New country houses
Our Curious House Guest spends the week looking at new country houses in the classical style -- and then lunches at Brooks's

I have in the past week spent two days looking at new country houses with the architects who have designed them (which was worth all the increasingly grim train travel). They are all in the Classical tradition; those I saw near Wadhurst (East Sussex) are in the early to mid Georgian style, while the one on the Welsh borders was inspired by Nash. It is extraordinary how persistent the Classical style is for smaller country houses, I think largely because they are restful; this is the effect of order and symmetry in the chaos of the modern world. But it should always be remembered how they depend on the gentleness of the British landscape, the woodedness, and small field pattern of an ancient nation to achieve their full effect.

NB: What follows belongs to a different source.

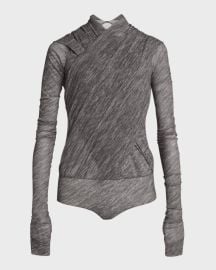 Philosophy di Lorenzo Serafini Printed Mesh Long-Sleeve Crossover Bodysuit at Neiman Marcus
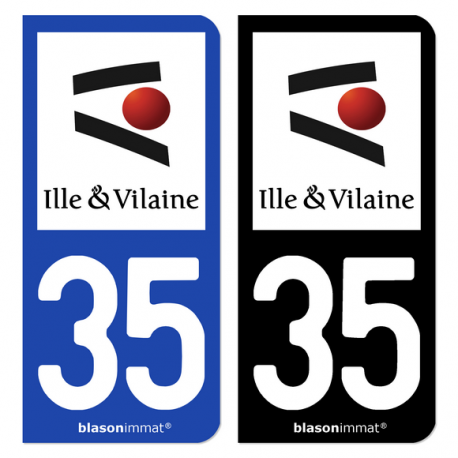 Autocollant plaque d'immatriculation 35 Ille-et-Vilaine - Département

I had lunch with a friend in Brooks’s, that most charming of St James’s clubs, and recalled that the first time I met him was after lunching with another friend at Boodles. This friend said I promised to take you to have coffee at Brooks’s to meet so and so. As we crossed St James’s I was very nearly knocked down by a fast moving taxi. After stumbling shocked on to the pavement we decided in that daft moment, it would have looked good on the obituary of an Architectural Editor of Country life to have been knocked down between courses in different clubs.
Thankfully, I survived this lunch to make a viewing after work to watch a viewing of John Betjeman’s Passion for Churches, with a very amusing introduction by the director who worked on it, Eddie Mirzoeff, who I had first met in 1995 filming on Orford Ness. The film is a masterpiece, but would the BBC have made it today? I wonder.